# DATA BLOCK:
□ □ □ □ □
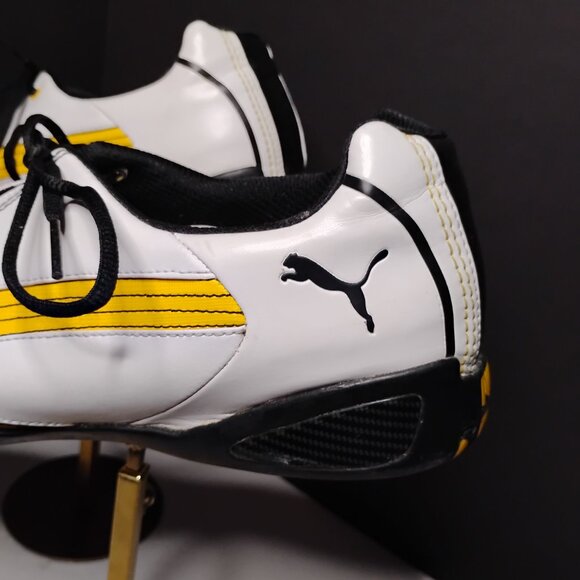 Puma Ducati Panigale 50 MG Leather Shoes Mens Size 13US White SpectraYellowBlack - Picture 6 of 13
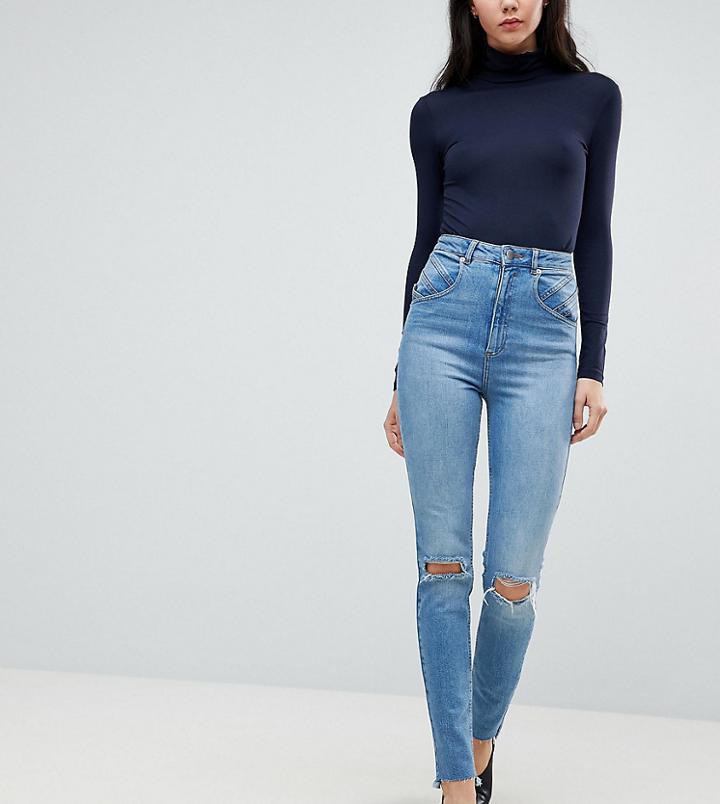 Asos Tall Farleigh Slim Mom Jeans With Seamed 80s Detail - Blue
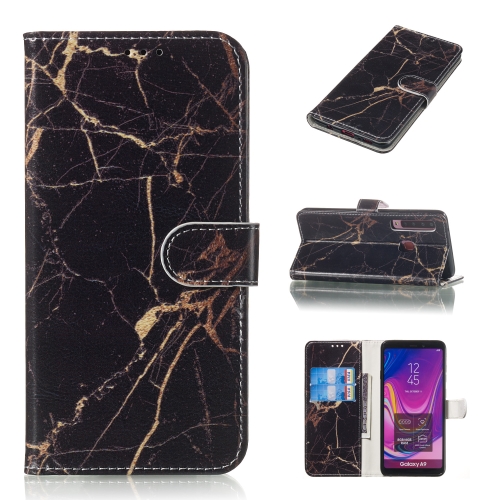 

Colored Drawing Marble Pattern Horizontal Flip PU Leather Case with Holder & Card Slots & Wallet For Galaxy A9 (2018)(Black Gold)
□ □ □ □ □
# TASK ITEM:
In your answer, set down the full listing word for word and include no pictures.

# RESPONSE:
 Puma Ducati Panigale 50 MG Leather Shoes Mens Size 13US White SpectraYellowBlack - Picture 6 of 13
 Asos Tall Farleigh Slim Mom Jeans With Seamed 80s Detail - Blue

Colored Drawing Marble Pattern Horizontal Flip PU Leather Case with Holder & Card Slots & Wallet For Galaxy A9 (2018)(Black Gold)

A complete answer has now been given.